Un trésor de la Renaissance anéanti par la guerre
La portée de cette redécouverte est immense, car elle touche à une blessure profonde du patrimoine culturel italien. En 1944, un bombardement allié durant la Seconde Guerre mondiale a frappé de plein fouet l’église des Eremitani, joyau de l’architecture gothique. Le souffle de l’explosion a pulvérisé les fresques de la chapelle Ovetari, les réduisant à des dizaines de milliers de fragments. Cet événement est resté dans les mémoires comme l’une des pertes culturelles les plus dévastatrices subies par l’Italie pendant le conflit. Le travail de reconstitution, entamé après-guerre avec une patience infinie par les restaurateurs, a été un puzzle titanesque et nécessairement incomplet. La redécouverte de ces trente-et-un fragments offre donc un espoir inespéré de compléter, même modestement, la connaissance de cette œuvre majeure et de mieux comprendre les techniques des maîtres du 15ème siècle.

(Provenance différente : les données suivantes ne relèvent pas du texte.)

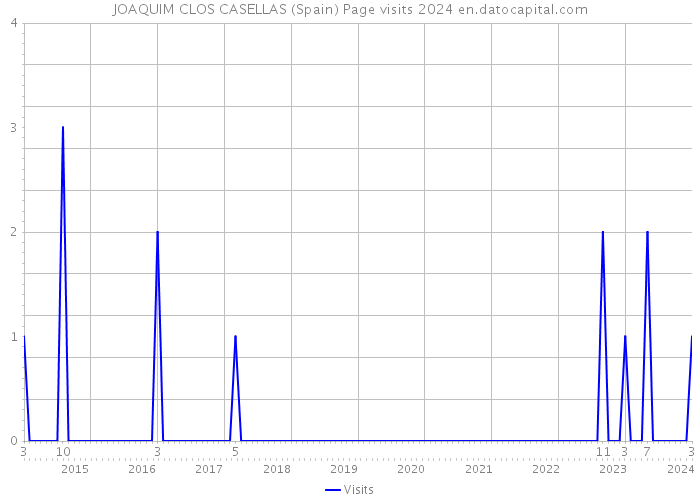 JOAQUIM CLOS CASELLAS (Spain) Page visits 2024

Un projet commun pour reconnecter le passé au présent
La visite conjointe du ministre et de la directrice générale de l’ICCROM symbolise le renforcement d’un partenariat déjà solide entre l’institution et le ministère italien de la Culture. Au-delà du constat de la découverte, un accord a été conclu pour lancer un projet commun ambitieux et novateur. L’objectif est d’étudier, grâce aux technologies modernes, des solutions pour reconnecter ces fragments à leur contexte historique, spirituel et architectural d’origine, au sein même de l’église des Eremitani. Ce projet, qui se veut participatif, impliquera activement la communauté locale de Padoue ainsi que des institutions universitaires et des mécènes, afin d’assurer une réappropriation collective de ce patrimoine retrouvé.
Symbole de la résilience et de la mémoire collective
Le futur projet vise à dépasser la simple restauration matérielle pour porter un message universel. Il s’agit de transmettre la valeur unique de ces fragments comme un puissant symbole de la survie de l’art face à la barbarie et de la résilience du patrimoine culturel face aux destructions de la guerre. Les responsables du projet soulignent que de telles initiatives de reconstruction, en ravivant la mémoire, peuvent favoriser une plus grande cohésion sociale et renforcer le sentiment d’appartenance et d’identité d’une communauté. Cette démarche témoigne de la capacité de l’art et de l’histoire à guérir les blessures du passé et à construire un avenir commun, en rappelant que même des ruines peuvent faire renaître des histoires et des émotions.